Bathrooms with out-of-the-ordinary shapes are a common occurrence in many projects, making it necessary to specify bespoke solutions or come up with ways to work around tricky features. Lisa Hibberd discovers some of the best options, and hears about some key design considerations.
“Designing a shower enclosure in an awkward area can seem quite daunting but there is a good range of specialists and product solutions now available to ensure consumers can get the most out of their space,” says Lorraine Walsh, bespoke design consultant at Merlyn. “With the availability of bespoke bath screens, wetroom panels and wall profiles, hinges and handles, designers have the flexibility to create stylish yet functional showering experiences in areas they may have never considered suitable. We always recommend working with a dedicated bespoke design team, with extensive experience in developing bespoke solutions, whether it’s increasing the height of a shower door, working around dwarf walls or incorporating different angled cuts. To ensure the most effective and stylish solution is specified, designers must evaluate all the options for the shower space and layout at the design stage before any work has commenced. This is also really important if there are any wooden elements in the room such as door frames or beams. The glass cannot sit flush with any wood-based features as the moisture will cause the wood to rot. A 10-15mm gap between the glass and the wood is recommended to prevent any problems.”
Max Finaldi, MD of The Shower Lab, agrees that any quirky features must be made clear at the start. “For a shower to fit perfectly into an awkward space, we need to have all of the information upfront. For example, if the angle of the sloped ceiling is slightly out or if we aren't aware of limited floor space in a bathroom, it can hinder the entire design and manufacturing process. The last thing a customer wants is a shower that is slightly off-size or one that causes leaks. All of our View Collection shower spaces can be customised to fit the client's needs. If you're working with a sloping ceiling, a recess shower space such as our View 05 or View 03 is a popular option. The glass can be cut at an angle to slot alongside the sloping ceiling while hinged doors offer privacy and good splashback protection. If it's single notches or cut-outs that are needed – such as those accommodating a beam – then something as simple as our View 01 fixed screen might be the right option – especially if the client is looking for good accessibility.”

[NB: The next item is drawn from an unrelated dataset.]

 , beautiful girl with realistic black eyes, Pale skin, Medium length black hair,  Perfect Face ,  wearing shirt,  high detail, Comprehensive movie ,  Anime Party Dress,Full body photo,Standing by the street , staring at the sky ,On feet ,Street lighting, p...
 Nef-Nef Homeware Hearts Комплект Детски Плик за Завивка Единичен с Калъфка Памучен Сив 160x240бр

“In attics, lofts, under-stair spaces, converted garages or even basements, where a conventional shower enclosure can’t be accommodated, a custom-made enclosure will ensure an exact fit and can incorporate precise dimensions without compromising on style or quality,” comments Natalie Paley, national sales manager, retail and merchant, Coram UK. “With our Sealskin duka range of enclosures, every single enclosure is tailor-made, within 4-6 weeks, to precisely fit its environment. Specification of a wetroom floor can also prove beneficial for unusually shaped rooms. A trimmable floor former, like Impey’s Aqua-Dec EasyFit can be cut to size to adapt to the dimensions of the room, while maintaining the correct drainage gradient. This removes the requirement for a shower tray, and allows for greater design freedom in an awkward space. Each of our Sealskin duka enclosures is manufactured to order, regardless of where it will be installed; this could be under a sloping roof or around boxed-in piping. Every product is cut with millimetre precision to the dimensions supplied, giving the designer confidence and freedom to explore new options in terms of layout, shape, and size.”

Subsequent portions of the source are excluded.